Mais si on y réfléchit bien, trop d'indices menaient à cette
conclusion terrible : les détails de la vie quotidienne peuvent
faire perdre la raison à un homme. Ces voisins oppressants, qui ne
lui laissent aucun répit et l'accusent de tous les torts. Même
lorsqu'il se fait cambrioler, son propriétaire préfère lui faire
bien comprendre, en insistant biiieeeeeeeen lourdement sur le fait
qu'il a de la chance d'avoir cet appartement, qu'ici seuls les gens
sérieux sont pris, et que Mademoiselle Choule n'aurait jamais laissé
ça arriver.
Comment ne pas comprendre qu'après toutes ces remarques, tous ces
rappels sur le fait que Simone Choule était une locataire modèle,
le pauvre Trelkovsky, qui, dans son délire psychotique (la paranoïa
est une psychose pour rappel), n'a d'autre choix que de devenir
Simone Choule ? En voulant prendre pour exemple la précédente
locataire à tout bout de champ, les voisins le pousse à devenir
comme elle au sens propre. Trevlkovsky se maquille, s'habille, se
coiffe comme elle. Il obéit à cette volonté sous-jacente de la
masse, jusqu'à en oublier sa propre identité. Mais il ne fait pas
que se travestir : son association mentale avec cette
énigmatique Simone Choule se fera jusque dans la mort. Lui aussi
sautera de la fenêtre puisque telle « est » la volonté
des voisins. Son saut se fera aux yeux de tous. La cour deviendra le
théâtre où il interprétera son dernier rôle, sa dernière
pièce : le grand saut vers l'au-delà. Tout y est, les rideaux
rouges, les dorures et ornements aux fenêtres, les voisins
regardant, avides de savoir la chute. Trevlkovsky s'élance et heurte
le sol. La fin ? Non. Plus tôt je vous parlais du fait que l'on
oscille entre la comédie et le drame. Quelques scènes déjà
permettaient de rire devant ce film horrifique (Trevlkovsky tentant de
se rebeller avec sa voix qui part dans les aïgus, la voisine qui
raconte qu'elle a déféqué partout pour se venger, Gérard Jugnot
parlant avec un accent anglais impeccable [oui parce que Popol va
jusqu'à prendre des acteurs français en personnages secondaires,
Jugnot, Balasko, Rufus, Piéplu...]...). Mais là, c'est le bouquet
final ! Trevlkovsky saute, mais ne se tue pas dans sa chute. Alors
que les voisins sont horrifiés de voir que quelqu'un tente encore de
perturber le silence de la résidence, il décide de recommencer.

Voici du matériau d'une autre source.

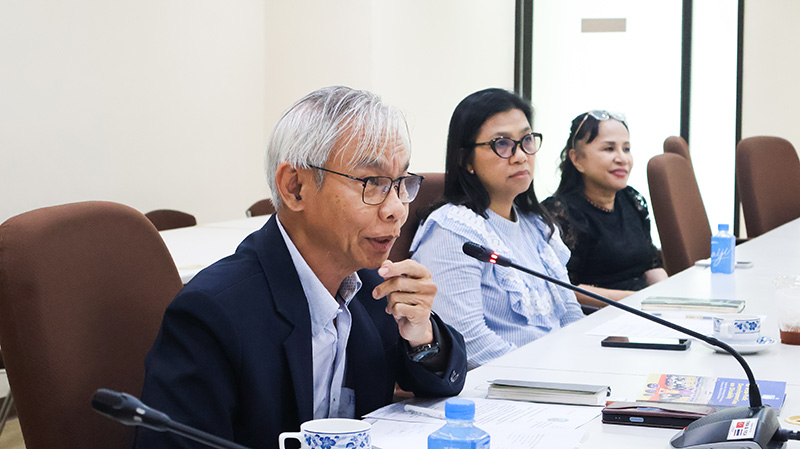 ภาพที่ 4: นายสมชาย รุ่งศิลป์ กำลังพูดผ่านไมโครฟอนที่โต๊ะประชุม โดยมี นางสาววิไลเลขา สมปราชญ์ และ นางสาวนงนุช เมธาจิตติพันธ์ นั่งอยู่ด้านหลัง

Pour mettre encore plus de sang partout. « C'était mieux la
première fois,hein ? »... Cette réplique!
Comment ne pas exploser de rire ? Trevlkovsky, tente tant bien que
mal de retourner à sa chambre pour ressauter. Cette fois-ci sera la
bonne. On le retrouve alors dans la même situation que Simone
Choule au tout début du film : emplâtré, démembré. Le
malheureux se revoit alors lors de sa première rencontre avec Simone
Choule. Elle dans ce lit d'hôpital, lui à son chevet. Et tout le
génie de Popol est que, l'ultime cri du héros est le même que
celui de Simone Choule. Jusqu'au bout Trevlkovsky croira être Simone
Choule, et jusqu'au bout le spectateur pourra alimenter de multiples
thèses dans sa tête. Multiples car, en plus du complot et de la
paranoïa, la thèse de la boucle temporelle n'est pas à écarter.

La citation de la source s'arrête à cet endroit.